There's been three girls from my past where I felt the need to get some things off my chest, apologize, or otherwise bury lingering demons.

I don't think this is a bad thing. Other than those, I've found guys and girls alike from high school that I was friends with just to reconnect. Sometimes its nice to have some continuity with your past... and having the realization that we really were just kids back then with barely a clue as to who we were or what we would become.


----------



## Catherine602 (Oct 14, 2010)

Thats one of the reasons that i dropped Facebook. The men who contacted me were from college or professional school and making cold calls in search of something. 

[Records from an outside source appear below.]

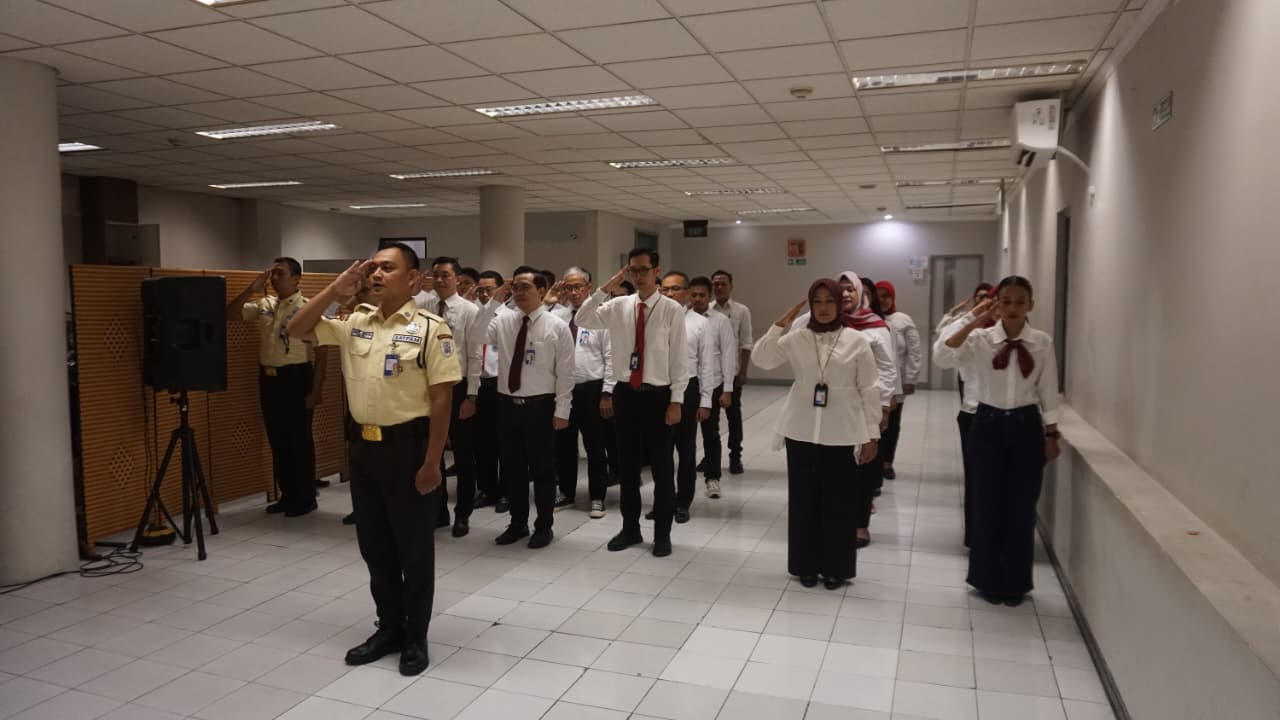 BRI BO Kramat Jati Peringati Hari Kesaktian Pancasila dengan Khidmat dan Penuh Semangat Kebangsaan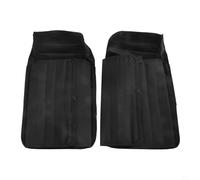 Guêtres en tissu Oxford pour protection extérieure, idéales pour la randonnée, la chasse et les travaux agricoles, confortables et (noir)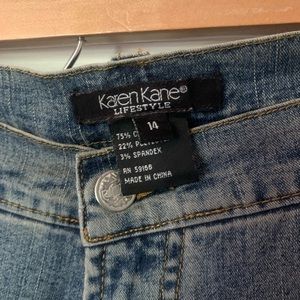 Embroidered Jeans, 14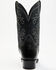 Image #5 - Dan Post Men's Exotic Ostrich Western Boots - Snip Toe , Black, hi-res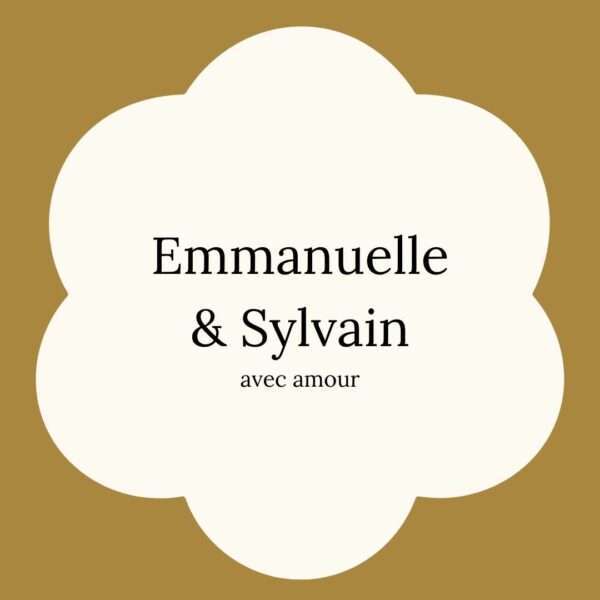 Emmanuelle & Sylvain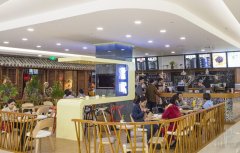 百貨和餐飲集體“大聯姻” 互抱“大腿”聯動效應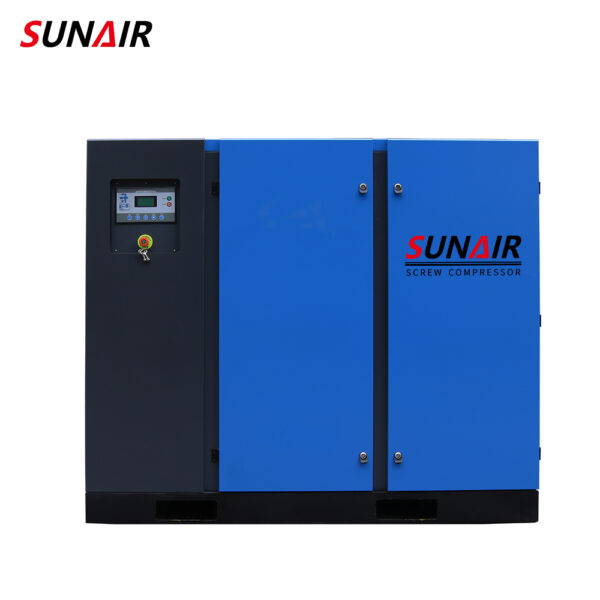 Industrial 55kw 75HP Oil Injected Rotary Screw Air Compressor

Either they were recently divorced, or about to be or unhappy or bored and looking for excitement. A time to reach out and touch someone.


----------



## hambone (Mar 30, 2013)

I like reconnecting with people I knew growing up, in HS, and college. Reminiscing about the good times... people we knew.

Is that stalking?


----------



## Mavash. (Jan 26, 2012)

There is no reason men from my past need to find me and nothing they say could possibly be important to me now.


----------



## ocotillo (Oct 17, 2011)

I think the circumstances can vary greatly from one person to the next. 

Prior to the internet, email and social media, it was as if your friends had died when you moved away. Sometimes people would write letters for awhile, but eventually you would fall out of touch and never see them again. It was a real loss.

Was the person in question a passing acquaintance or a very close friend? It's nice to know that old friends are still alive and well and I wouldn't consider that to be stalking.

Now if a person makes it plain that they want no contact and that wish is not respected, then it would be a different story entirely.


----------



## COGypsy (Aug 12, 2010)

I think it's one thing to look up old friends on Facebook and catch up on the years. What's super creepy in the OP is the bit about "something important to tell". That and "tracking down". That sounds a bit more...extensive...than just surfing for the old high school crowd.

Seriously--if I haven't seen you in more than a year or two, the "something important to tell me" should relate to either lottery winnings or the Mob putting a contract out on me! Otherwise, it's definitely creepy and I'll find ways to block you from contacting me again. Ever.


----------



## TCSRedhead (Oct 17, 2012)

It depends. Usually, the reason is selfish. I have had two former friends/boyfriends call me at odd hours of the night, intoxicated, to apologize.

I wasn't the one who needed closure, they did.


----------



## waiwera (Sep 8, 2009)

Totally depends... on who they are/were to me and what they have to say.

But nothing would hidden from hubby so it wouldn't become an issue in our marriage anyway. 
We share access to both of our computers/passwords/email/FB/phones etc and something like this would be mentioned and discussed.


----------